WHAT YOU WILL DO:
Would you repeat the entries below word for word and omit the pictures?

EXTRACTED RECORDS: Begin

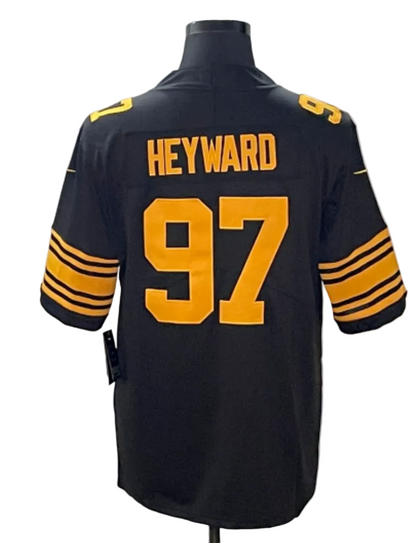 Custom Steelers Alternate Black Football Vapor Limited Jersey - All Stitched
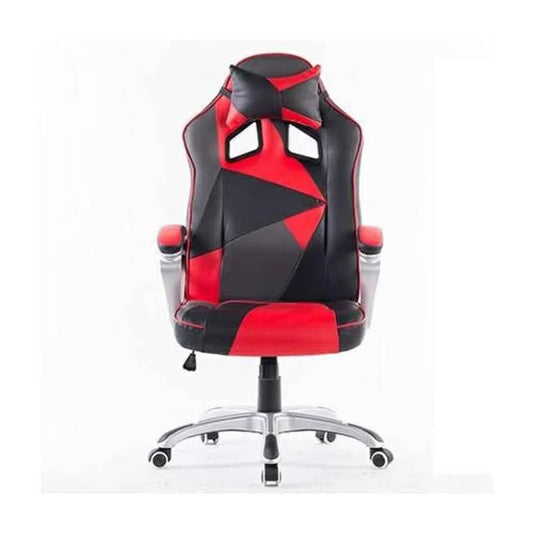 Caddy 27.5x17x46 inch Red Leather Gaming Ergonomic Chair with Headrest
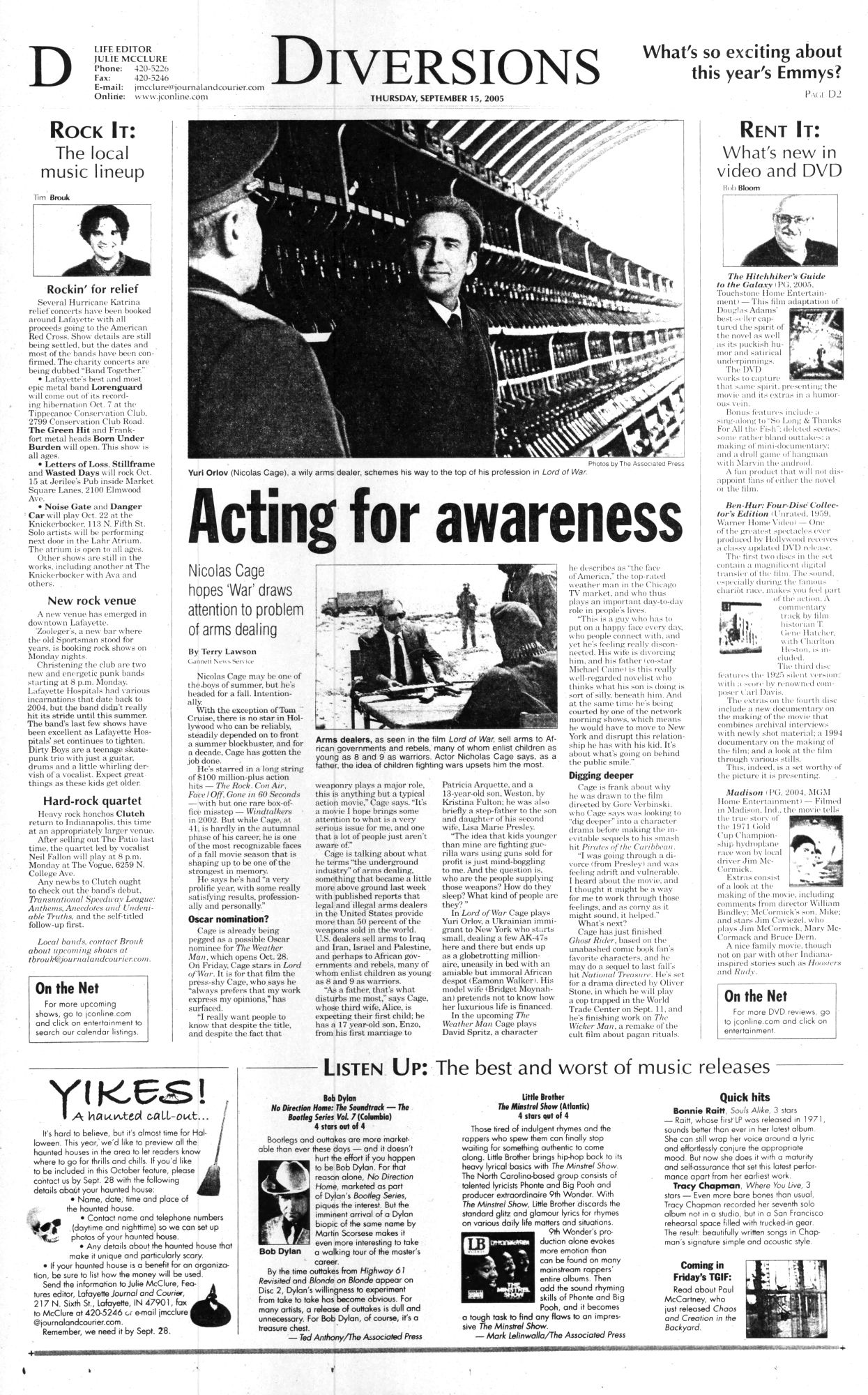 journal and courrier Bob Dylan front cover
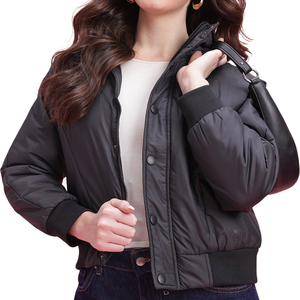 Women's Quilted Bomber Jacket Stand Collar Full Sleeve Winter Warm <b>Coat</b> Solid Color Polyester Puffer Jacket Short Length - Product Image 6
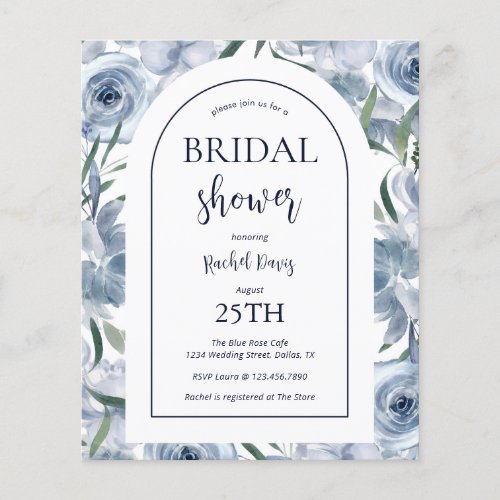 Budget Floral Dusty Blue Bridal Shower Invitation Flyer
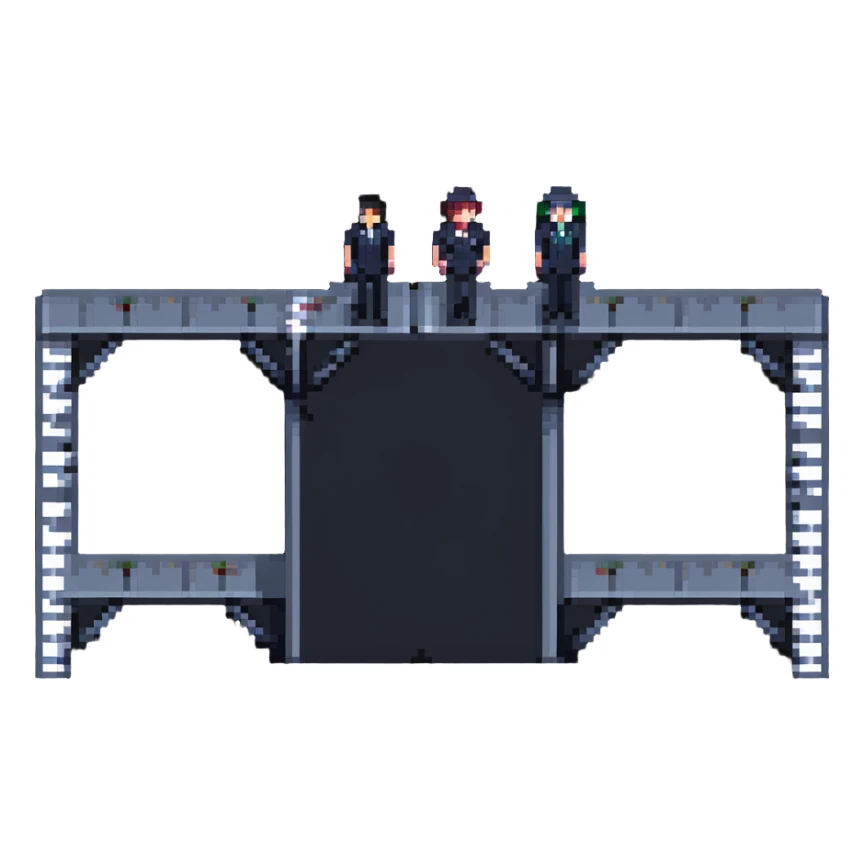 pixel art of a leader and a manager standing on different platforms connected by a bridge sticker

EXTRACTED RECORDS: End

EXPECTED ANSWER:
 Custom Steelers Alternate Black Football Vapor Limited Jersey - All Stitched
 Caddy 27.5x17x46 inch Red Leather Gaming Ergonomic Chair with Headrest
 journal and courrier Bob Dylan front cover
 Women's Quilted Bomber Jacket Stand Collar Full Sleeve Winter Warm <b>Coat</b> Solid Color Polyester Puffer Jacket Short Length - Product Image 6
 Budget Floral Dusty Blue Bridal Shower Invitation Flyer
 pixel art of a leader and a manager standing on different platforms connected by a bridge sticker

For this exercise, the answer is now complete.